Description of problem: If secure boot is currently disabled, and user attempts to enable it via ZTP, install will not begin the first time ZTP was triggered. When secure boot is enabled viz ZTP, then boot options will be configured before virtual CD was attached, thus first boot will be booting into existing HD with secure boot on. Install will then get stuck because boot from CD was never triggered. Version-Release number of selected component (if applicable): 4.10 How reproducible: Always Steps to Reproduce: 1. Secure boot is currently disabled in bios 2. Attempt to deploy a cluster with secure boot enabled via ZTP 3. Actual results: - spoke cluster got booted with secure boot option toggled, into existing HD - spoke cluster did not boot into virtual CD, thus install never started. - agentclusterinstall gets stuck here: State: insufficient State Info: Cluster is not ready for install Expected results: - installation started and completed successfully Additional info: Secure boot config used in ZTP siteconfig: http://registry.kni-qe-0.lab.eng.rdu2.redhat.com:3000/kni-qe/ztp-site-configs/src/ff814164cdcd355ed980f1edf269dbc2afbe09aa/siteconfig/master-2.yaml#L40
Jim, can you triage this one while Ian is away?
Does this issue occur when the disk is blank, or does the installation happen correctly in that case (skipping over the blank disk and booting from the ISO)?
@imiller the disk was not blank.It booted into existing HD.
@yliu1 if the disk is erased prior to an installation where secureboot is enabled, does it succeed? What I am hoping to understand is whether this issue is limited to a re-deployment of a cluster (where secureboot is turned on) versus affecting deployment of new (blank) servers.
@imiller install started when disk was wiped. It attempted HD boot - failed, then fell back to CD boot.
but then, it seems like the real issue is that ZTP does not set "boot from virtual CD once" to override any existing boot order. in which case, I suspect similar issue will exist in any installation mode.. it should never boot with anything that exist on the disk, in any case.
I'm not sure what specific option is selected but the boot menu flashes a message "boot from virtual CD" and re-installs of clusters where there is an existing image already on disks is something we do regularly without problems.
@yliu1 are you sure machine (BIOS) is set to UEFI?
also can you add machine info? is that a Dell machine? something else? what's the iDRAC version?
Reproduced again. System had 4.11.6 installed without secureboot. Attempted ZTP (assisted service in ACM 2.5.2) installation of 4.10.30 with secureboot enabled. The BMH CR contents: spec: automatedCleaningMode: disabled bmc: address: idrac-virtualmedia+https://X.X.X.X/redfish/v1/Systems/System.Embedded.1 credentialsName: cnfocto1-master0 disableCertificateVerification: true bootMACAddress: E4:43:4B:F6:12:E0 bootMode: UEFISecureBoot online: true rootDeviceHints: hctl: "1:2:0:0" The system booted back into the 4.11.6 installation already on disk. The system is a Dell PowerEdge R740xd idrac version: 4.40.40.00
@ykashtan yes it's set to UEFI. It is a dell machine with following firmware. BIOS Version 2.14.2 iDRAC Firmware Version 5.10.10.00 And I believe @dpenney also encountered this issue with later idrac firmware, e.g., 5.10.30.00.

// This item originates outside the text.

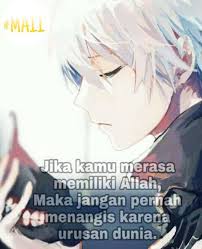 Gambar anime senyum tapi menangis : Gambar Anime Sedih Doraemon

There seems to be a separate issue with the latest iDRAC firmware, 5.10.50.00, where the response to BIOS config request to enable secure boot is seen as an error, leading to the bmh being put into a "deprovisioning" state and getting powered off without completing the BIOS config change. Downgrading to 5.10.30.00 results in the same behaviour described in above comments. It seems as though the BIOS config request to change secure boot value is seen as completed immediately, but it's only "pending" in iDRAC. The "first boot" is then used to actually perform the config change job and then the node is rebooted. After this reboot, then, the node goes back to the default boot order and boots from disk. Similarly, if your node is already configured as secure boot and the bmh enters a "deprovisioning" state, another BIOS config change is triggered to set secure boot to false and then the node is powered off. However, this leaves the config change in a pending state, as well, and the bmh gets stuck in this "deprovisioning" state (as the secure boot state is "true", with pending config change, so it seems to keep trying to set it to "false"). As an odd side note, if I manually wipe the disk prior to triggering install with a change to enable secure boot, then the first boot after the config change completes does fail through to booting from the ISO, as expected. However, when the first "boot from disk" is attempted as part of the install, the node boots back to ISO again, as though the pre-wiped disk didn't get setup as a bootable disk prior to the reboot for some reason. At this point, the system blocks, requiring a manual reboot ("pending user action") to get it to boot from disk.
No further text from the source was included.